Calliope started to speak, but Galatea interrupted and said:
"Come on, Belena. We have to leave now. Solange is at the Southern Camp. Let's hope, for your sake, she approves what I've done."
When Belena and the Herders left, Calliope said what Galatea had prevented her from saying:
"Gerta, you have always been free to return to us Mariners whenever you wanted. Come back with us today."
The Fair was over, and the visitors returned to their homes. The cloning team cleaned up the mess in the laboratory and found that the damage was less extensive than they feared. Nor was there much worry that the small amount of spilled nanotech would contaminate the planet. The most significant supply of nanotech was stored away from the central laboratory.
The mobile team had most of the cloning kits for cows and sheep, but the human cloning kits were damaged.
Madam Medic declared a temporary moratorium on human cloning but was confident that the laboratory would be fully functioning again in less than a month. This relief was widespread, but the experiment Madam Medic wanted to perform using Ezra's cells would have to wait until he revisited the City.
Two weeks after the Cloner Fair, Gloria summoned her for a last chess game before the Wildchild left Cloner City to return to the forest. Wildchild won, and they relaxed afterward.
Gloria said, "I'm sorry we can't entice you to stay with us in the City, Samothea. You fit in perfectly, and everyone likes you. I don't think the Juniors have been so well led."
"Thank you, Madam. I like everyone here, and I've learned a great deal, especially from Hazel, who taught me how to be a Junior. As for leaving, I promised Madam Mirselene I would return to the forest."
"But for how long?"
"Madam?"
"Did you say you'd live in the forest the rest of your life? What if you could belong to two tribes and share your time between them?"
"Is that possible?"
"Why not? You're the first Woodlander to become a Junior, as you and Yael were the first Herders. Why can't you be the first woman to be a Woodlander and a Cloner?"
"I don't know, Madam. May I think about it?"
"Of course, you may.
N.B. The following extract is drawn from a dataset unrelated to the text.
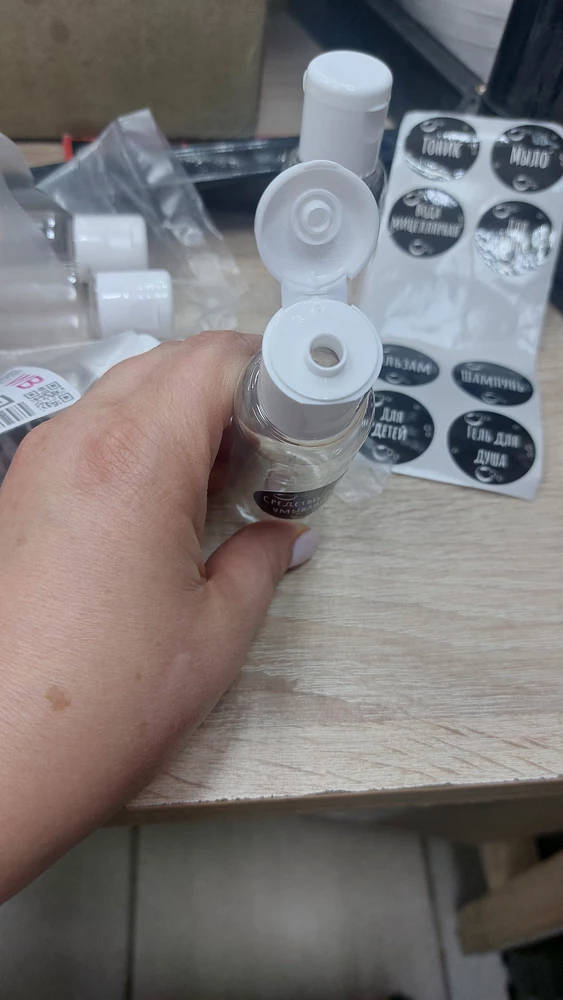 Хорошие бутылочки. Без крышки высота 8см.В меру прочный пластик. Довольна покупкой. Для поездок самое то. Рекомендую.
Meanwhile, I hope to see you back here often. I suppose you managed to persuade Hazel to go with you?"
"Yes, Madam."
"I expected nothing less. Maybe there is something for you to learn in the forest, especially from Mirselene. I think you should try to see Solange often as well. She's a devious chess player."
Wildchild knew Solange didn't play chess, but Gloria didn't mean the board game.
"Can I ask you something, Madam?"
"Go ahead."
"Why did you allow my mother to out-maneuver you regarding the new currency committee?"
"Do you think that's what happened?"
"I did at the time. I was wrong. Wouldn't giving up the Cloner Tokens weaken the Cloner Tribe?"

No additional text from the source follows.